◆ EXERCISE OBJECTIVE: Lines from the one holding "Nicole 'Snooki' Polizzi" through the end of the entries, inclusive, form the whole output; reproduce them exactly and omit pictures.

◆ RECORD EXCERPTS:
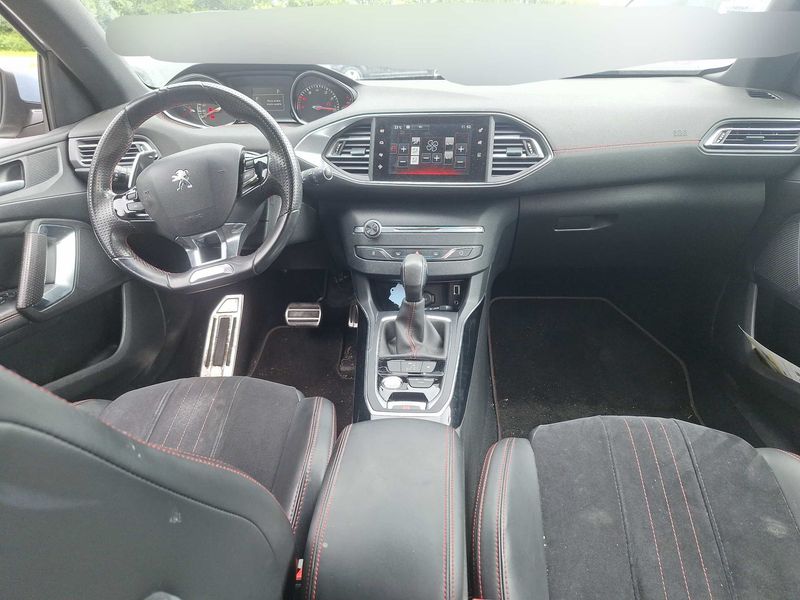 Peugeot 308 1.2 e-THP GT Line 2015 – снимка 11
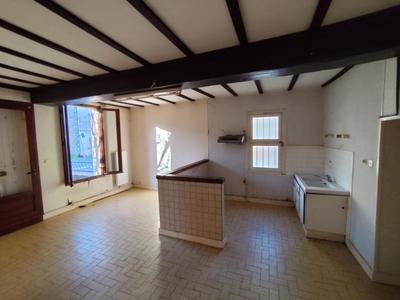 Maison en pierre - 67 m² - 3 pièces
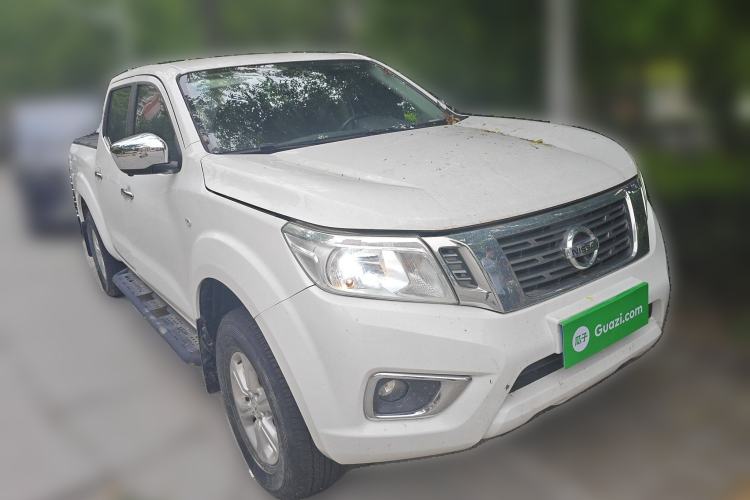 Used Nissan Navara 2017 2.5L Automatic 2WD Luxury Edition QR25 Exterior 2
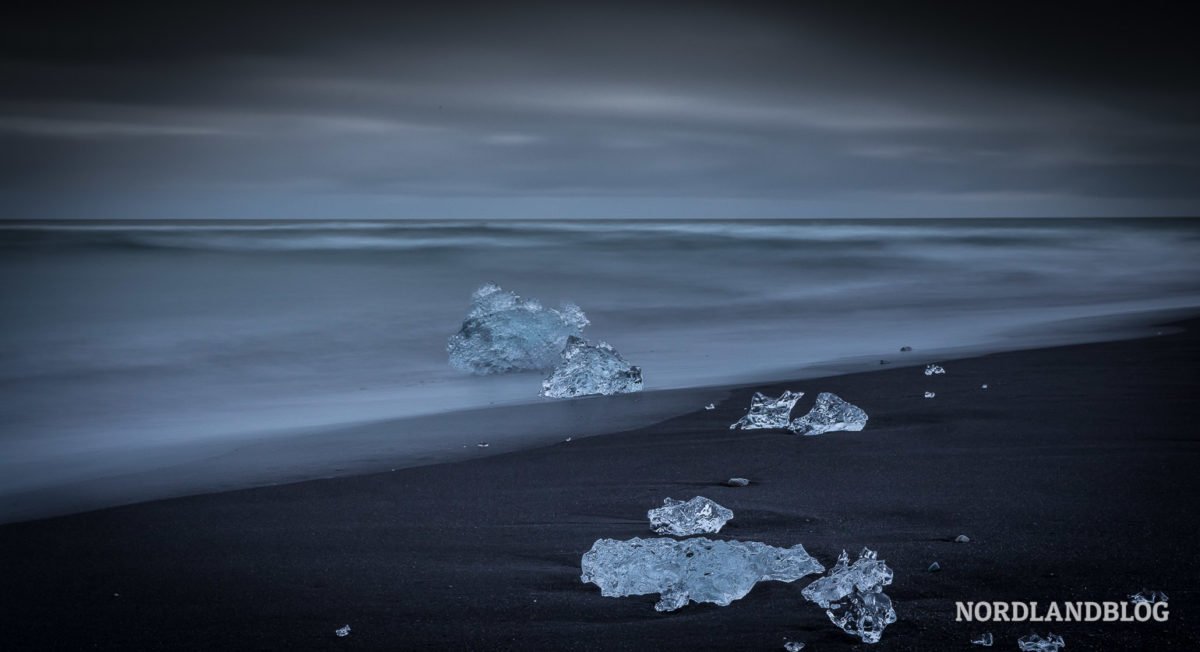 Langzeitbelichtung mit Graufilter an einem trüben und regnerischen Tag. Der Diamond Beach ist ein Foto-Hotspot.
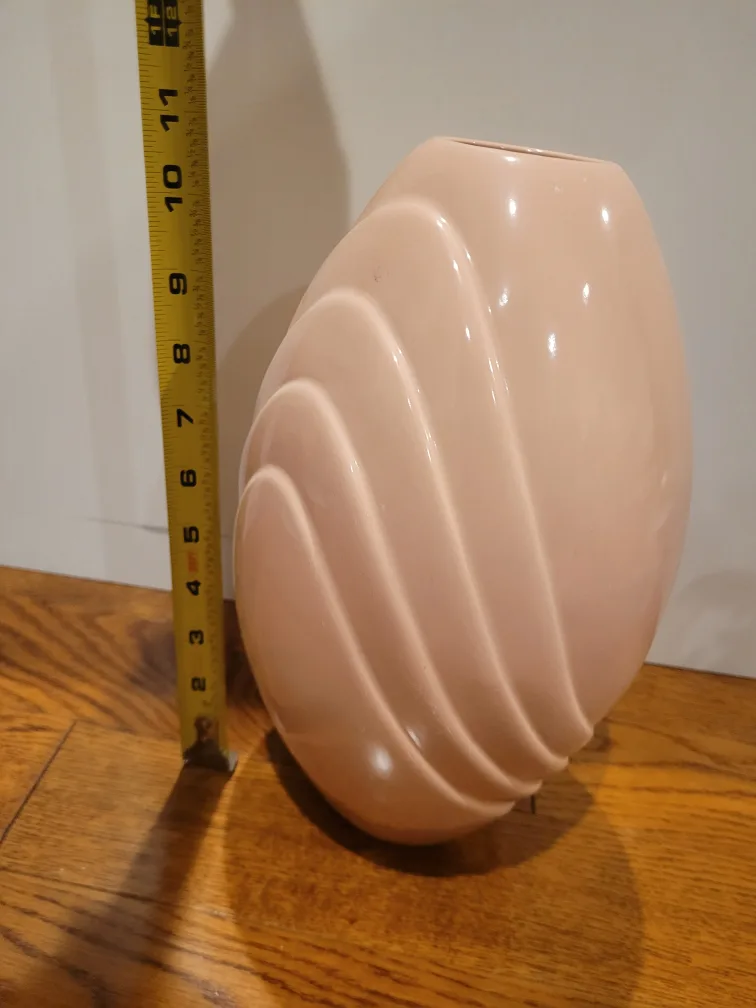 Pink Ceramic Vase image indicator(4)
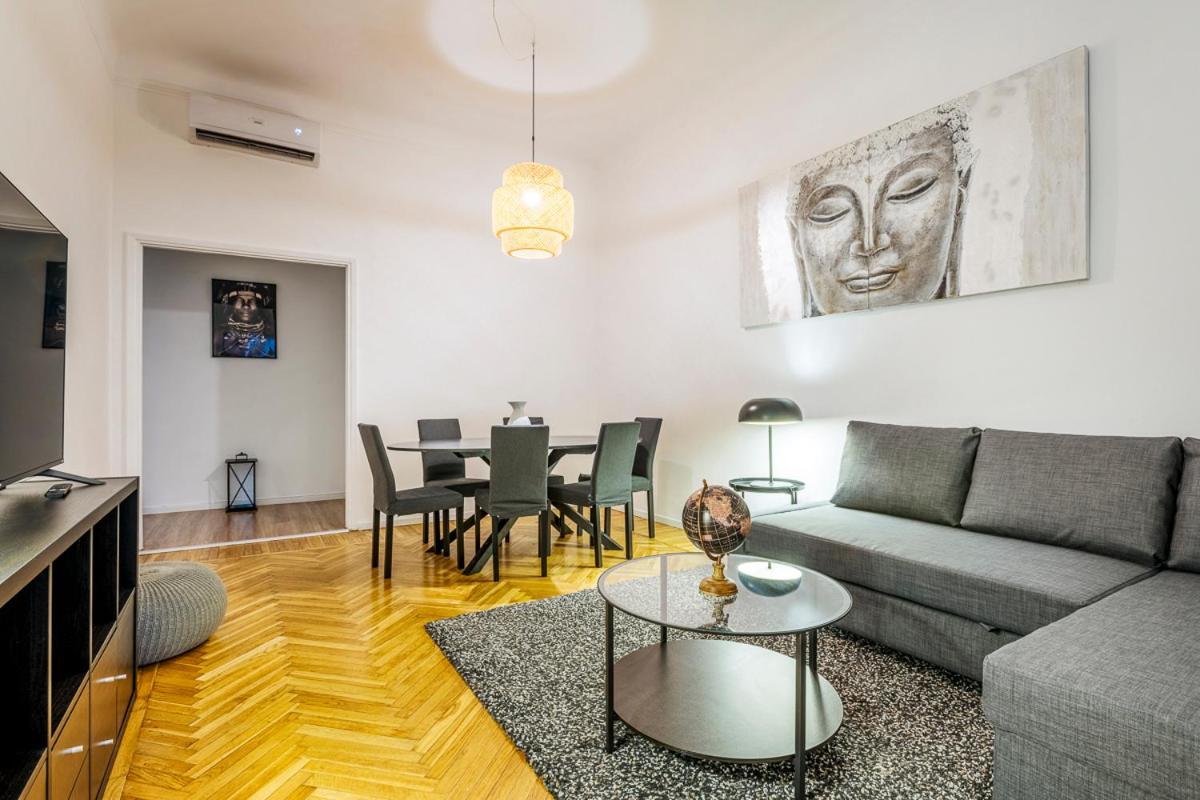Luxury 4 Bedrooms Apartments Close To Duomo 밀라노 외부 사진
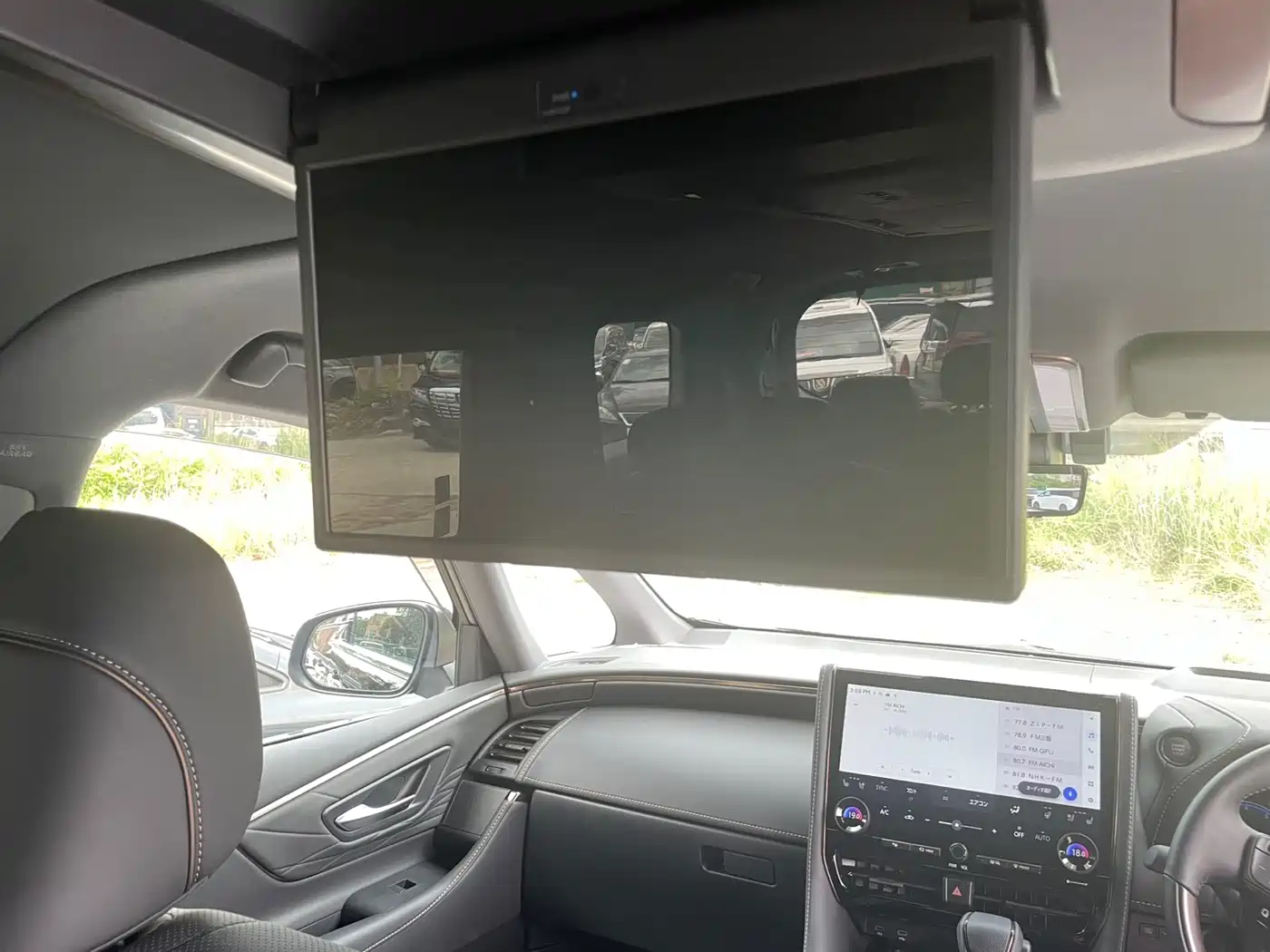 Toyota Alphard 2025 Hybrid 2.5L Prestige Gold Edition фото 9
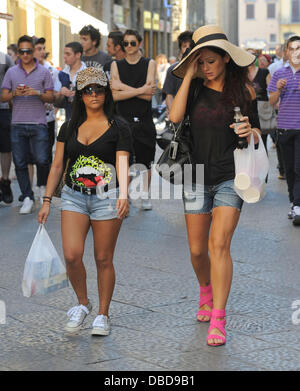 Nicole 'Snooki' Polizzi va visiter Florence avec Jenni "JWoww" Farley Florence, Italie - 22.05.11 Banque D'Images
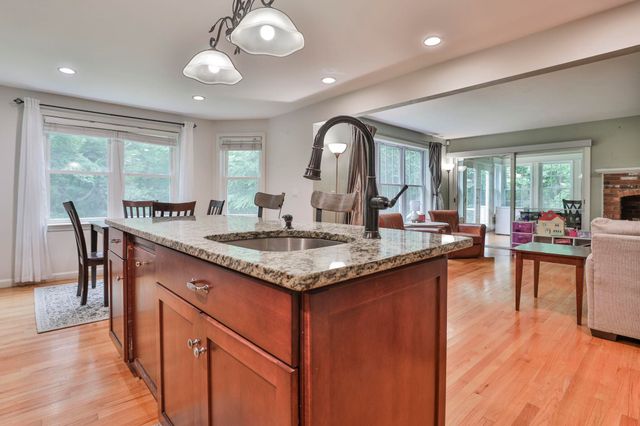 41 Wellesley Drive, Bedford, NH 03110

◆ WRITTEN REPLY:
 Nicole 'Snooki' Polizzi va visiter Florence avec Jenni "JWoww" Farley Florence, Italie - 22.05.11 Banque D'Images
 41 Wellesley Drive, Bedford, NH 03110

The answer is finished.